E assim começa o primeiro passo para a nossa marcha à ré e para o desgregar psíquico do nosso bloco unitário!

………

Apesar da doutrina do absorcionismo de 1926, a ìndia considerava-a antes como um mero platonismo ideológico, destinado talvez a fazer face a emergências de momento, mas que não iria de encontro às suas regalias fundamentais.
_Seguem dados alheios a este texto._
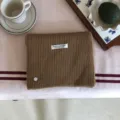 Nahaufnahme der braunen Strickschal-Textur mit handgefertigtem Etikett und gemütlichem Styling. - 156X22CM / Camel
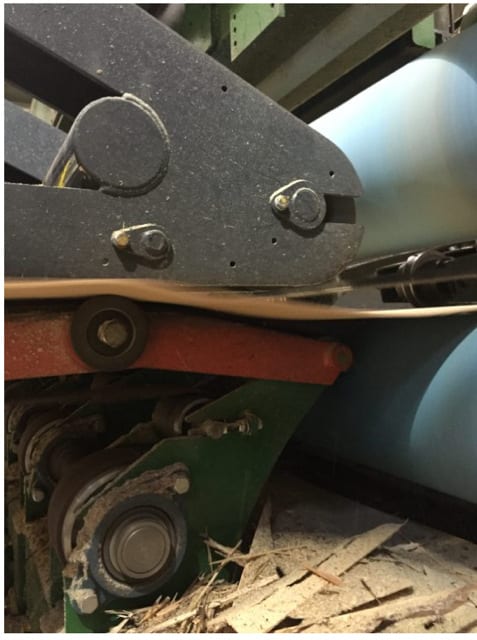 Close-up of industrial wood processing machinery with rollers, gears, and sawdust below.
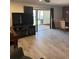This living room offers a ceiling fan, hardwood floors, and sliding glass doors to the patio and dining room at 4237 Brentwood Park Cir, Tampa, FL 33624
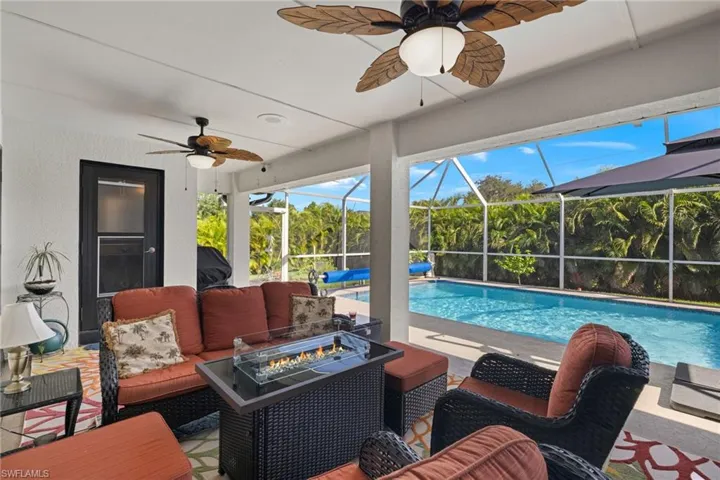 View of swimming pool featuring an outdoor living space with a fire pit, ceiling fan, screen enclosure, and a patio area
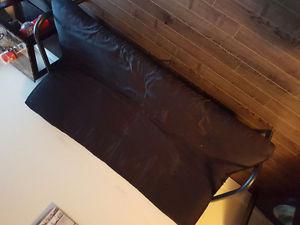 Black futon less than a year old hardly used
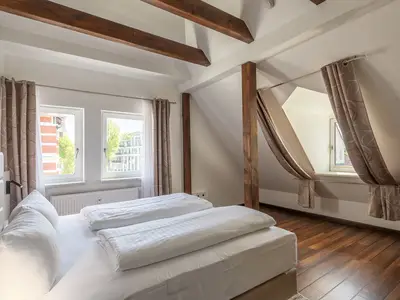 Ferienwohnung Seeperle Schlafzimmer mit großem Bett und Fenstern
Vem porém o Acto Colonial de 1930! Quaisquer que sejam as determinantes que levaram no momento os nossos estadistas a redigir aquele documento — certamnete para a salvaguarda legal dos nossos direitos nas Áfricas, onde os nossos territórios eram objecto de combiça, mais ou menos ostensiva, de ambições de estranhos —, a não salvaguarda das regalias de que gozava o Estado da Índia foi o mais duro golpe vibrado à harmonia existente! Além de avigorar a doutrina do absorcionismo, cometeu-se o erro de erigir em dogma a instabilidade da própria substância do Acto, pois que o Governo, por um simples decreto-lei, pode substitui-la, alterá-la ou revogá-la (artigo 2º).
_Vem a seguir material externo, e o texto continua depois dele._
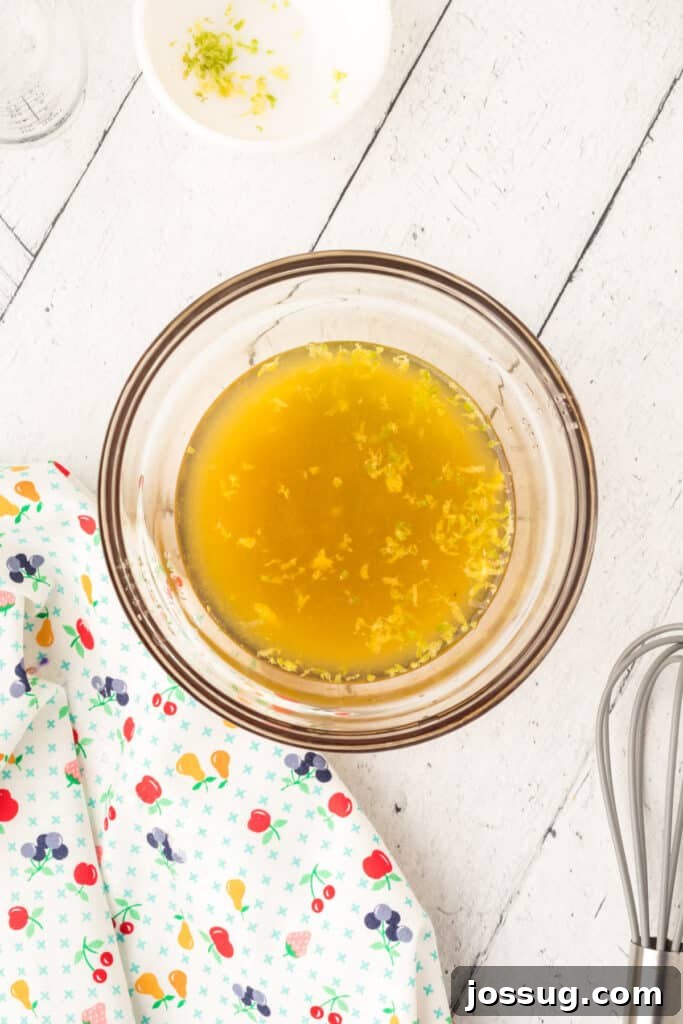 Vibrant Fruit Mosaic with Zesty Honey Glaze 6 Lemon and orange juice being whisked together in a bowl.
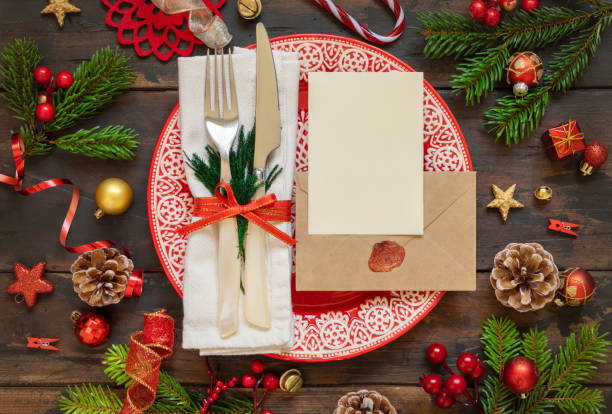 istock Festive table setting with Christmas decorations. Card and envelope mockup 1345476296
A autonomia financeira — apesar de um tanto platónica por causa dos encargos com que a metópole onerava a provincia por decretos dimanados no interregno parlamentar — ficava agora inteiramente dependente do critério ministerial de momento (artigo 45º). Mas o que mais magoou a Índia foi que o Acto Colonial adoptasse uma doutrina inteiramente nova em direito constitucional português: a divisão da Pátria Portuguesa em duas unidades políticas, perfeitamente distintas e com valor cívico desigual — uma, a metrópole, soberana, a possuir e dominar; outra, asbsolutamente subalterna, o Império Colonial, domínio e posse da metrópole.

……

Uma vaga de ressentimento, de desinteresse e de desânimo apossou-se da alma do povo indo-português. É um feitio da sua psicologia individual e colectiva. Não a seduzem revoltas ruidosas. Coze as suas mágoas com resignação e, subitamente, quanto mais fundo for o golpe que a feriu, numa reacção de auto-defesa e de auto-conservação, se détache e corta e desliga-se da amarra que a feriu!
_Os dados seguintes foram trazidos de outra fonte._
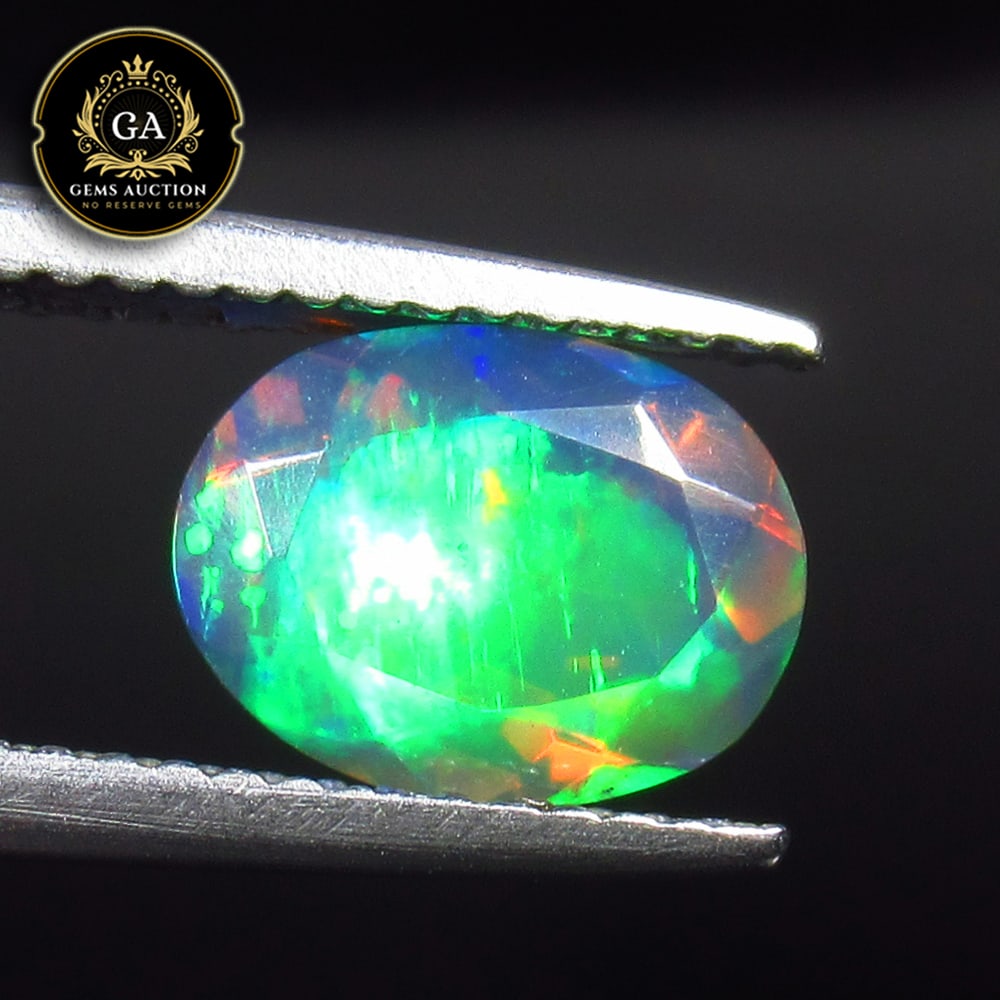 1.27 Ct Natural Black Faceted Fire Opal Oval Cut: Weight - 1.27 Ct / Size - 9.10 x 7.00 x 4.70 mm / Shape - Oval Cut / Color - Black / Clarity - Translucent / Origin - Ethiopia / Treatment - Heated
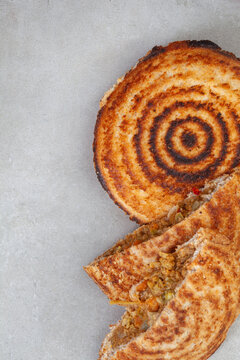 Jaffle, an old school toasted sandwich, filled with savory mince. Grey backdrop, copy space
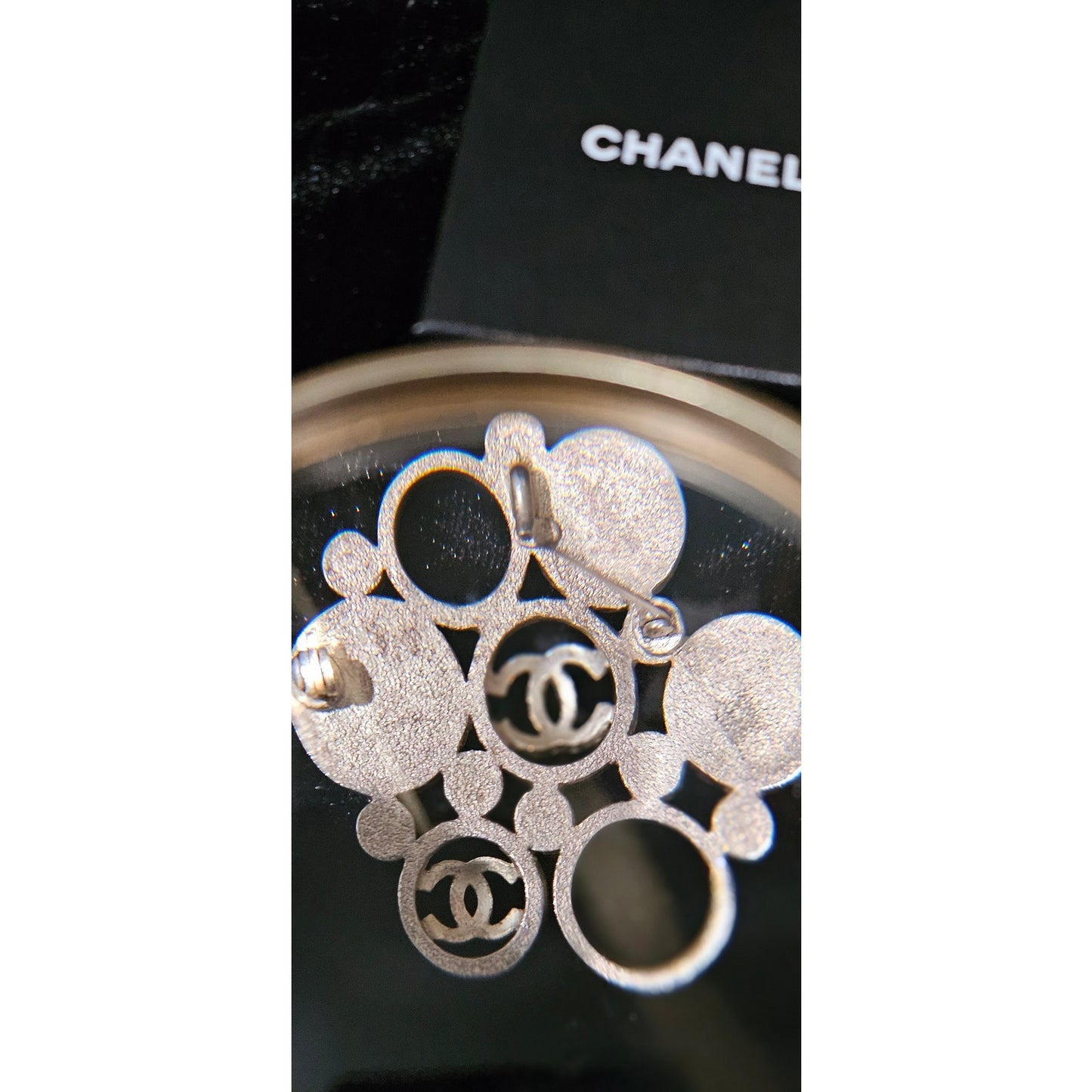 Vintage Chanel Metal Brooch with White Enamel CC Logos and Circular Detail
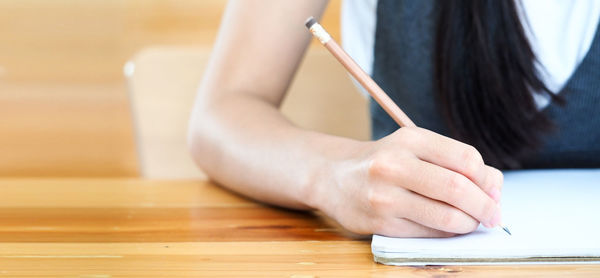 Midsection of woman writing in book at desk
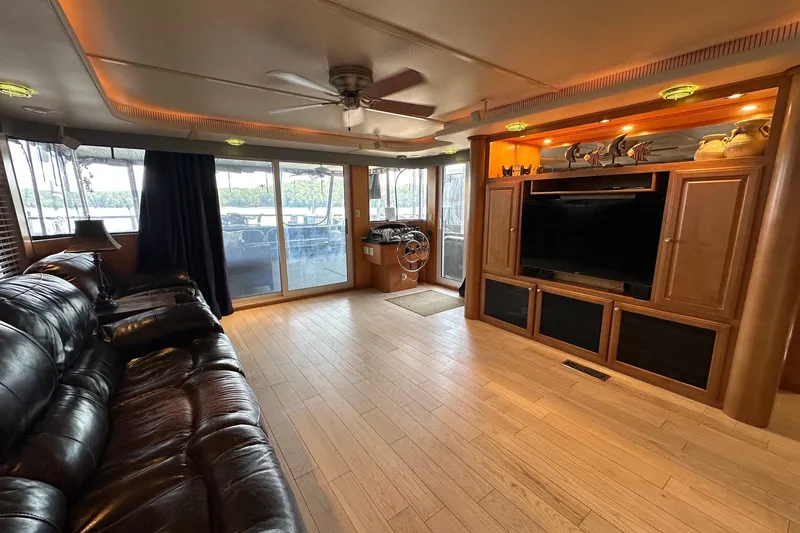 Slide: The Image of Luxurious 2003 Sumerset 18x86 houseboat interior with leather seating and entertainment center. - 3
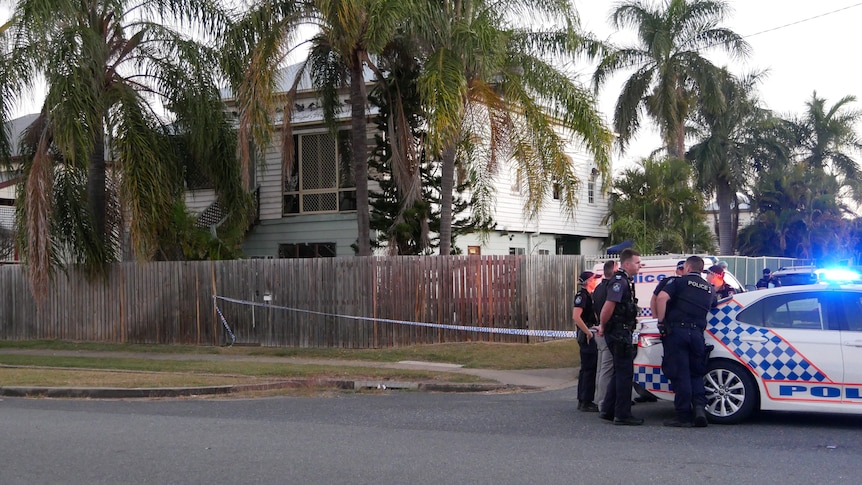 Police standing around a police car in front of a green house with palm trees and police tape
E calou-se a voz dos congressos provinciais! Os problemas técnicos já não interessavam ninguém. Era o novo problema político que ocuparia certamente a primeira plana nesse tabaldo, onde reinava dantes a calma de uma grande programa construtivo.  Quem poderia deter a voz do povo cuja mágoa poderia assumir a expressão de uma indignada revolta de espíritos? E o Congresso foi adiado sine die! É desta  instituição popular, a que os governadores da Índia deram o seu máximo apoio e onde hauriram muitas das suas iniciativas, não resta hoje mais que uma memória histórica que se esbate na sombra do passado.